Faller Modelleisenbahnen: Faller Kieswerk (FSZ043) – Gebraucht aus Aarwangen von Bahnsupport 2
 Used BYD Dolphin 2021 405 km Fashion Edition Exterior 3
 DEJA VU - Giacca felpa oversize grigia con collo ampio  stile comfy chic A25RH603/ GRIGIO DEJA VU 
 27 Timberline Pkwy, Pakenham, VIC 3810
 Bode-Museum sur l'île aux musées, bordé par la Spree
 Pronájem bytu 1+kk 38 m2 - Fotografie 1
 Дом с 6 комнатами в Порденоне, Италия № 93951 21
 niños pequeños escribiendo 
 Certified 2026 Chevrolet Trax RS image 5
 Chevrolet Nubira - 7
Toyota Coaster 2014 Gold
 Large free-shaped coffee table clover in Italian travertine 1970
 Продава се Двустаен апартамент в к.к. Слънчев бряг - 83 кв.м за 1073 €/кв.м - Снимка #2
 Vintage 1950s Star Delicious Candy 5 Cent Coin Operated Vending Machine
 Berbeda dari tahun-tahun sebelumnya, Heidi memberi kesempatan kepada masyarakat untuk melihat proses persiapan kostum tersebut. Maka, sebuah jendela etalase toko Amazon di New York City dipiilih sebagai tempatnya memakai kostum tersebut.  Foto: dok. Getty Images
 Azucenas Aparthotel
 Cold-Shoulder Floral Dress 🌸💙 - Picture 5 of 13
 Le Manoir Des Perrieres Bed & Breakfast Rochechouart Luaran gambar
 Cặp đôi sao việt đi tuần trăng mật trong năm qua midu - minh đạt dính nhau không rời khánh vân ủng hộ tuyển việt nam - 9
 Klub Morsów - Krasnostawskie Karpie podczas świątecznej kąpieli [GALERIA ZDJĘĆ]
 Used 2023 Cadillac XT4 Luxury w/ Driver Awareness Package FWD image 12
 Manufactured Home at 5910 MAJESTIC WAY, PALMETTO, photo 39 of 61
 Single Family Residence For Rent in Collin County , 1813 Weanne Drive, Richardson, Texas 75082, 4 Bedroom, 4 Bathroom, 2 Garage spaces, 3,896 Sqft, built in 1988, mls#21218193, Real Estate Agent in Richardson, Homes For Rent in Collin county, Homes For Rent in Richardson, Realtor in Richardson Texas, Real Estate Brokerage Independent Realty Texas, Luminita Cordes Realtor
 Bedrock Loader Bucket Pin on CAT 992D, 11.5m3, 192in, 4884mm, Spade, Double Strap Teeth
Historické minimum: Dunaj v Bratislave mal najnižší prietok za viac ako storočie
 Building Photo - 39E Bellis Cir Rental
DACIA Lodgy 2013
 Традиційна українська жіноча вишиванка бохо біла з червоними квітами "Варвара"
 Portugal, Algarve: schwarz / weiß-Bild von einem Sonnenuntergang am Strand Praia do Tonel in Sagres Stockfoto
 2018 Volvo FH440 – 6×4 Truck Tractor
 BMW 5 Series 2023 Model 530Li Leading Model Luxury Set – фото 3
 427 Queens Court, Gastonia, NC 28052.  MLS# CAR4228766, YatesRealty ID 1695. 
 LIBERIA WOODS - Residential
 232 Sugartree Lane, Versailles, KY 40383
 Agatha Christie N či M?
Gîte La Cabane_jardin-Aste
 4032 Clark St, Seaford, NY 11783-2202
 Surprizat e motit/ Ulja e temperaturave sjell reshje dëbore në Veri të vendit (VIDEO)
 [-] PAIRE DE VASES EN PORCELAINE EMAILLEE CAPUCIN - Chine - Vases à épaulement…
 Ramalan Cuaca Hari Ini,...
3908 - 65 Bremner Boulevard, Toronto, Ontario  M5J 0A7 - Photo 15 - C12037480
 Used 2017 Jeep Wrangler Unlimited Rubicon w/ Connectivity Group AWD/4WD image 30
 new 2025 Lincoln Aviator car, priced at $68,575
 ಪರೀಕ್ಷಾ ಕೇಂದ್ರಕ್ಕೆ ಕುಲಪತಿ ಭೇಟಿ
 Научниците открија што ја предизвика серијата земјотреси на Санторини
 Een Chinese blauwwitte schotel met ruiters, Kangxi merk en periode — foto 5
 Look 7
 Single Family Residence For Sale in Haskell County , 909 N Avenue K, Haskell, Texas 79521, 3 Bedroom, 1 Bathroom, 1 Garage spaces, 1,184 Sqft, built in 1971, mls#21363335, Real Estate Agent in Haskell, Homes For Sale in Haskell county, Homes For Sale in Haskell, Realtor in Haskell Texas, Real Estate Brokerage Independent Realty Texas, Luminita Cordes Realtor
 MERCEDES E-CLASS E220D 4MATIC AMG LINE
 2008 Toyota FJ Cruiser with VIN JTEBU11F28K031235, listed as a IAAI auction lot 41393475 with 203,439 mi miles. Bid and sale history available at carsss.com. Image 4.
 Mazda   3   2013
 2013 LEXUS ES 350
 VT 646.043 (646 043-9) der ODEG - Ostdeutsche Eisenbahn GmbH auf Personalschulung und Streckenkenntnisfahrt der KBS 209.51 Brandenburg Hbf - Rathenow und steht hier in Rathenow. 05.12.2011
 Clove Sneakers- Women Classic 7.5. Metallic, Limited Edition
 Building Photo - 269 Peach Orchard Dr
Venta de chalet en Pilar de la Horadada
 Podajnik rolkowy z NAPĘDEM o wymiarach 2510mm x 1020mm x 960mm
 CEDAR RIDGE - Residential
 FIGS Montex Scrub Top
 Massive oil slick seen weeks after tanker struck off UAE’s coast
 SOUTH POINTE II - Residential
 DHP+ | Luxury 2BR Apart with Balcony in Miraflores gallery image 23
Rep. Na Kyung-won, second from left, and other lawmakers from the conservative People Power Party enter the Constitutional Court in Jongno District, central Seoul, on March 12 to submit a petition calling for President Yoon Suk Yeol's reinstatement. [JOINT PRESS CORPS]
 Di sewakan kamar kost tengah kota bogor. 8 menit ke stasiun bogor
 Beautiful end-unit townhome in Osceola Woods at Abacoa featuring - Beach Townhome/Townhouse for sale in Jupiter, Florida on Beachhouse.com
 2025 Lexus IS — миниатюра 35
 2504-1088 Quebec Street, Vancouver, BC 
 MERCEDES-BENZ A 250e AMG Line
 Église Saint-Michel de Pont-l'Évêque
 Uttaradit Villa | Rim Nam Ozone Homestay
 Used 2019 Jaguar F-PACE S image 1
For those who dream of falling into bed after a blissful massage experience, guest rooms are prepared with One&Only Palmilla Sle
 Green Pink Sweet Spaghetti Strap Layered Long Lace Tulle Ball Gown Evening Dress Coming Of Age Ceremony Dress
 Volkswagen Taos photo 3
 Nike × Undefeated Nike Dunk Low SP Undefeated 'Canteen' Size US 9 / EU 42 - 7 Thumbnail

^^^^

REQUIRED WORK >>
Could you set down, word for word, only the lines above from the line with "MERCEDES-BENZ A 250e AMG Line" to the line with "For those who", including both?

SOLUTION >>
 MERCEDES-BENZ A 250e AMG Line
 Église Saint-Michel de Pont-l'Évêque
 Uttaradit Villa | Rim Nam Ozone Homestay
 Used 2019 Jaguar F-PACE S image 1
For those who dream of falling into bed after a blissful massage experience, guest rooms are prepared with One&Only Palmilla Sle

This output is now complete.